“YOU ARE ENTERING Roberts and Marshall Counties”

262
1960

(Note: any text in italics has been taken from the official SDSHS records.)

Marker Text

You Are Entering ROBERTS COUNTY SOUTH DAKOTA

Long the home of Sisseton, Wahpeton & Cuthead Yanktonaise Sioux, it became part of Deuel & Cheyenne Counties in 1862; Deuel extending N to 46th parallel (4 miles N) in 1872. The Reservation extending S to Lake Kampeska in a giant flatiron was established in 1867. Grant County included the part SE of the Reservation from 1873 to 1883, when Roberts County, named for S.G. Roberts, Territorial Councilman of Fargo, was created. Org. Aug. 6, 1883 by Frederick Dittes, Charles Crissey, Indian Agent and Reuben R. Hall, at Dittes’ Residence, Travare 2 miles SW of Browns Valley was named county seat. In 1884 Wilmot won the election but, losing two court actions, stole the records and it was named by 1885 legislature as county seat. It in turn lost an election in 1898 to Sisseton who, fearing court action, in turn stole the records again to win approval in the 1900 election. White settlement on the Reservation came in 1892 and the railroad to Sisseton in 1893. Post offices were: Sisseton Agency, 1872; Wilmot, 1881; White Rock, 1885; Corona, 1886; Summit, Sisseton and Effington in 1892. Rosholt, Victor, Hammer, Claire City, 1914, when the Soo Line entered the county.

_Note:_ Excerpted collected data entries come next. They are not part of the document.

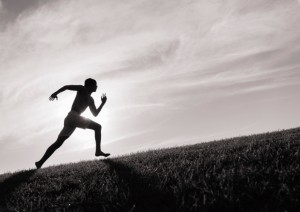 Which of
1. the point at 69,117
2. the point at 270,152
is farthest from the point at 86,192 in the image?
the point at 69,117

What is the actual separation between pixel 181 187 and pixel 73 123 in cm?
579

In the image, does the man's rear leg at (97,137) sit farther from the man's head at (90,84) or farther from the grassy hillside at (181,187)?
the grassy hillside at (181,187)

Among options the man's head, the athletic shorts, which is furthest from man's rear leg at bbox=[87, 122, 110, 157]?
the man's head

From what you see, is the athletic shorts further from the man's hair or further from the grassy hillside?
the grassy hillside

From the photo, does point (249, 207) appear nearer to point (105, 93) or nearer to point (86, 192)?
point (86, 192)

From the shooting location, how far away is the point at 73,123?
420 inches

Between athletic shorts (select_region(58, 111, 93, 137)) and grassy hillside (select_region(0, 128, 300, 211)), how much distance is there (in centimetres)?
279

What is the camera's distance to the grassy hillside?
488 cm

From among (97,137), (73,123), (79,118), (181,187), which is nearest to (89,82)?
(79,118)

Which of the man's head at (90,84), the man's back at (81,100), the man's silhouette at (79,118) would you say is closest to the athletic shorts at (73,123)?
the man's silhouette at (79,118)

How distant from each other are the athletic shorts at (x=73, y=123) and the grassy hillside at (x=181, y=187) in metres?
2.79

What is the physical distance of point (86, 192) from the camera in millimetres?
6223

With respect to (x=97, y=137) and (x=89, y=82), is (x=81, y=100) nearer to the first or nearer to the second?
(x=89, y=82)

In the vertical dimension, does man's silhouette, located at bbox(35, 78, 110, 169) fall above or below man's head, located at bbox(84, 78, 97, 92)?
below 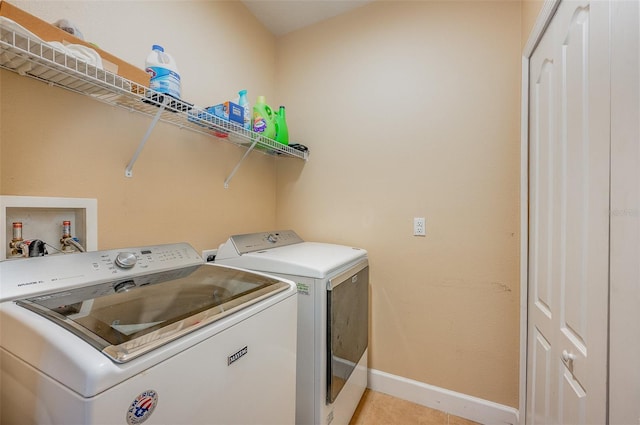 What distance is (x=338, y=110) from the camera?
216 centimetres

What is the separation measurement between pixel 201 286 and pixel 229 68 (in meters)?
1.55

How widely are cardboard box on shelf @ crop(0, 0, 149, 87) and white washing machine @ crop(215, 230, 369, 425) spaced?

With great historical background (see giant map of Sisseton) many lakes, wonderful vistas from its high coteau, a picturesque and fruitful countryside, Roberts County welcomes you.”

Marshall County

“The last county organized east of the Missouri, on May 2, 1885; It had been in Cheyenne County 1862; a gigantic Hanson 1870; co-incident with Stone in 1873; the north half of Day 1879 and was created by the 1885 legislature and named for Governor William W. Marshall of Minnesota. Its high coteaus and many wooded lakes made it the early and happy habitat of the Cuthead Yanktonaise and Sisseton Sioux. White trappers and traders, enroute from Lake Traverse to the Aricara villages on the Missouri near Grand River, visited it by 1800 and its first permanent resident was Joseph R. Brown in 1843 when he had a Fur Trade Post at Buffalo Lakes, near the SE corner, later sold to the American Fur Company. In 1864, following the Santee-Sioux outbreak in Minnesota, Ft. Wadsworth, near its south central border was built to restrain the hostile Indians. It was a very strongly entrenched post and in 1876 was named Ft.

Sisseton but was abandoned by the Military in June 1889. Reconstructed in the 1930s, it is the most authentic old fort in the Midwest and in 1959 was named as a state park. Not far distant is Roy Lake, with a most extensive shore line, another state park. The county’s first post office was at Newark, June 15, 1883; John E. Pulver, Postmaster. Famous for fishing and upland game, Marshall County welcomes you.